It is interesting that the Congress, which was in power in Delhi for 15 years, has not opened its account now in three successive Assembly elections. Its spokespersons were more focused on discussing the AAP defeat rather than their own poor showing on Saturday.
The Lokniti-CSDS Survey also indicated that the Congress was viewed by respondents as an ‘also-ran’, a distant third factor in this election.
Overall, the AAP lost 40 seats with a ten-percentage point dip in its vote share, while the BJP gained 40 seats with a seven-percentage point gain in vote share. The fact that the BJP gave two seats to its alliance partners – the JD(U) and Lok Janshakti Party (Ram Vilas) – which they both lost, allowed for building a social coalition.

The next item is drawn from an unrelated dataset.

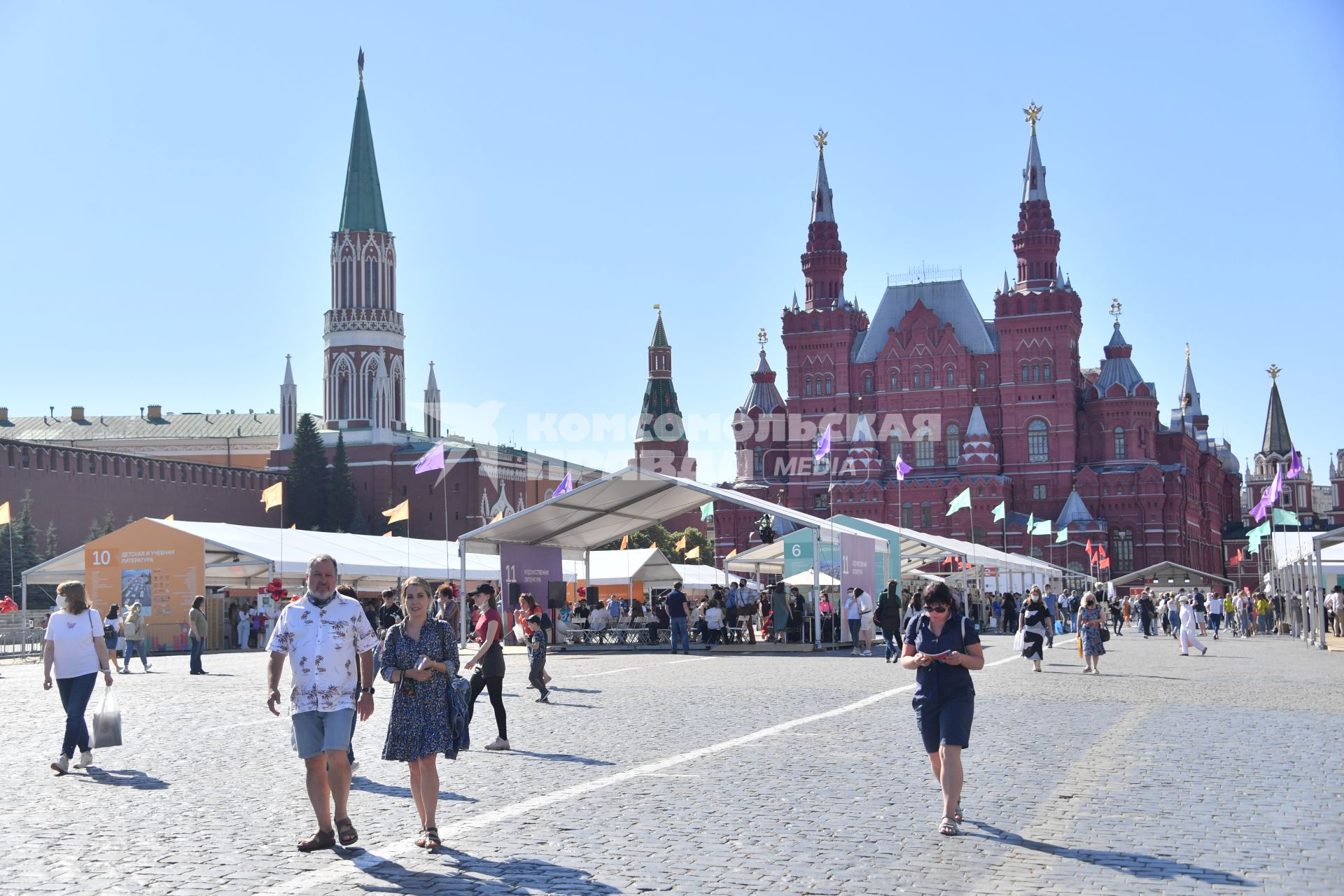 Москва. Посетители книжного фестиваля Красная площадь.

The Congress saw a marginal increase in its vote share, which adversely affected the AAP and consequently benefited the BJP. The fact that the BJP won one-thirds of its seats (16) by a margin of less than 10,000 votes as did the AAP (8 seats) indicates the three-way contest in a significant number of seats.
The Delhi voters also voted in line with the Lok Sabha polls this time, unlike the trends of 2019 (Lok Sabha), 2020 (Assembly) and 2014, 2015.
With the BJP firmly in the saddle, there will now be a ‘double engine sarkaar’ in place, so to speak. Taking forward the economic safety net put in place by the AAP government and resolving the pressing problems of the Delhi residents will clearly be the expectation of the Delhi voter from this comprehensive mandate to the BJP.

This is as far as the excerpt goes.